> [Exercise requirements] If an entry below holds a picture, leave the picture out and print the rest exactly.

> [Data for analysis]
^^^^^^^^^^^^^^^^

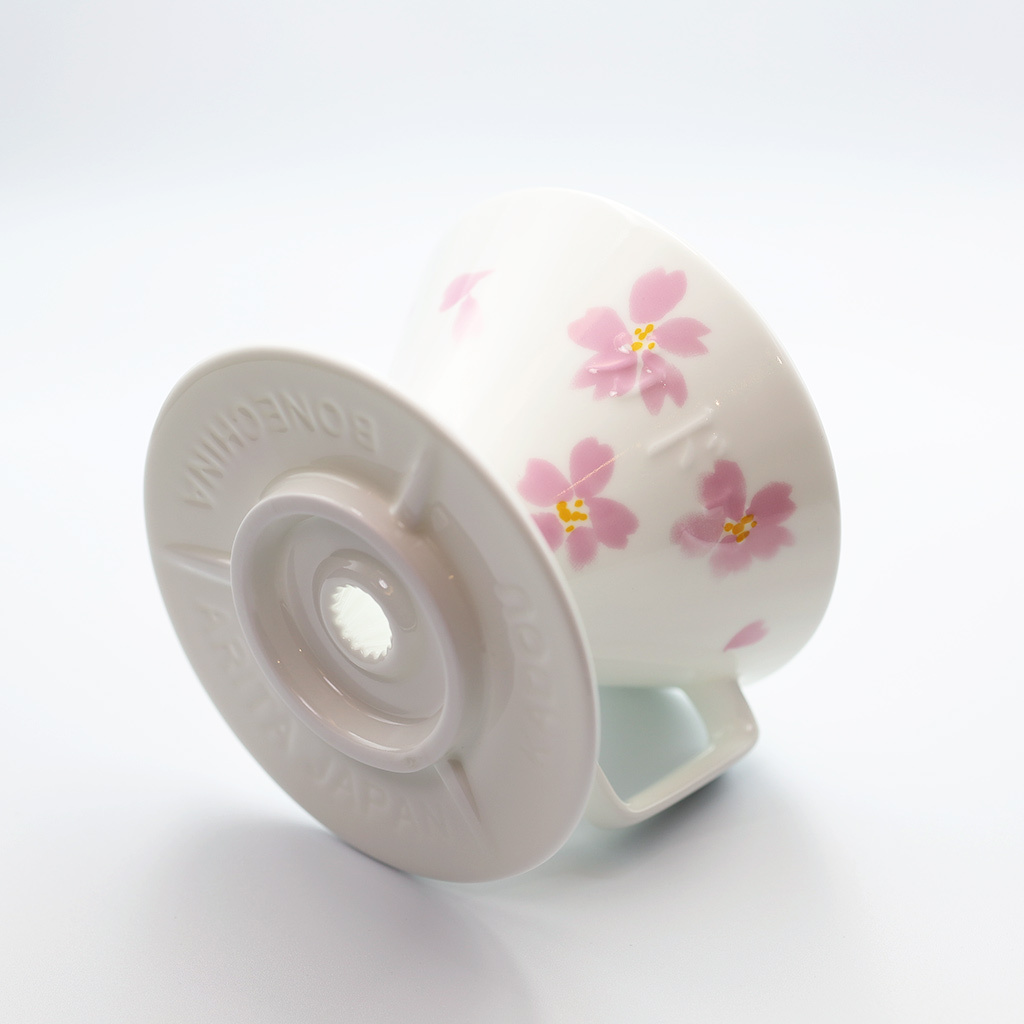 星芒濾杯 櫻花限定 骨瓷版 陶瓷濾杯 有田燒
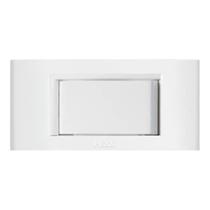 Conjunto para Móvel 1 Interruptor Simples PEZZI Branco
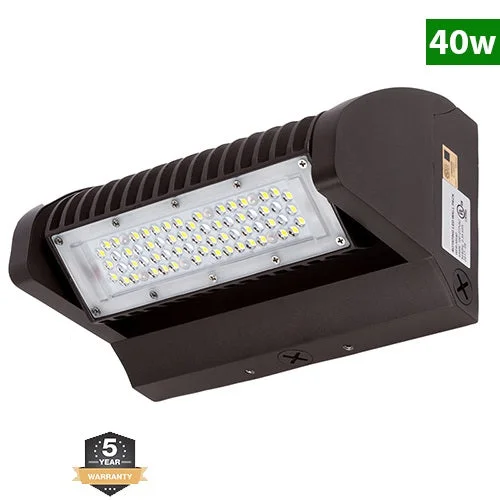 Industrial Task Lighting for Precision WorkstationsLED Rotatable Wall Pack, 40W, 5000K, 5,000 Lumens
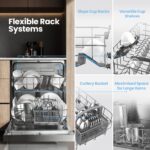 COMFEE' Freestanding Dishwasher CDWPF1201PB-UK 60cm Width, Full Size Dishwasher with 12 place settings, Quick Wash, Hygiene Wash - Image 2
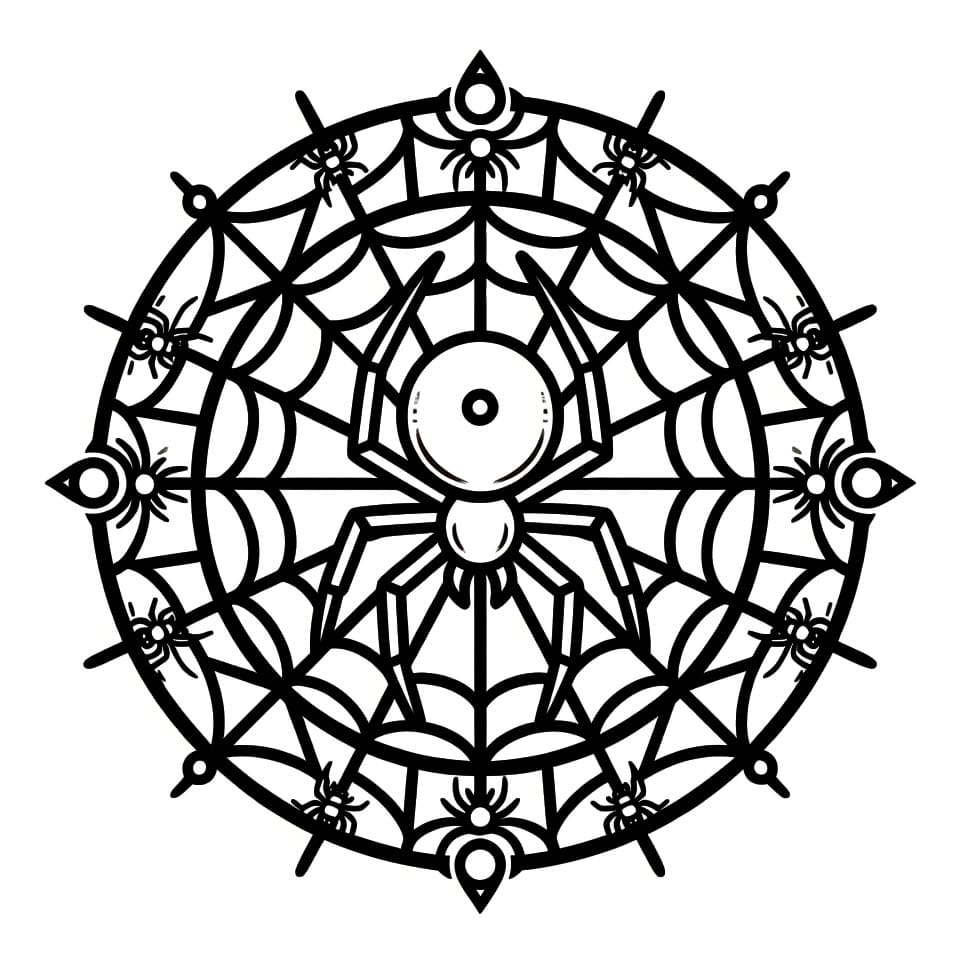 Coloriage Mandala: Téléchargement Gratuit Araignée Mandalas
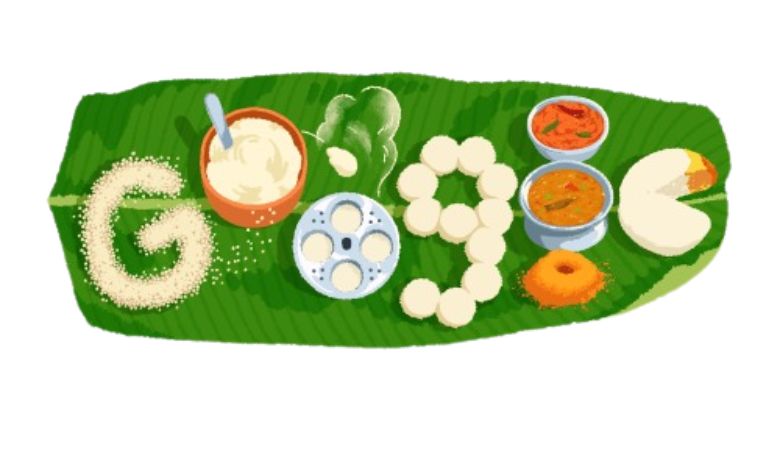 Google's new doodle is Idli Sambhar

^^^^^^^^^^^^^^^^

> [Your solution]
 星芒濾杯 櫻花限定 骨瓷版 陶瓷濾杯 有田燒
 Conjunto para Móvel 1 Interruptor Simples PEZZI Branco
 Industrial Task Lighting for Precision WorkstationsLED Rotatable Wall Pack, 40W, 5000K, 5,000 Lumens
 COMFEE' Freestanding Dishwasher CDWPF1201PB-UK 60cm Width, Full Size Dishwasher with 12 place settings, Quick Wash, Hygiene Wash - Image 2
 Coloriage Mandala: Téléchargement Gratuit Araignée Mandalas
 Google's new doodle is Idli Sambhar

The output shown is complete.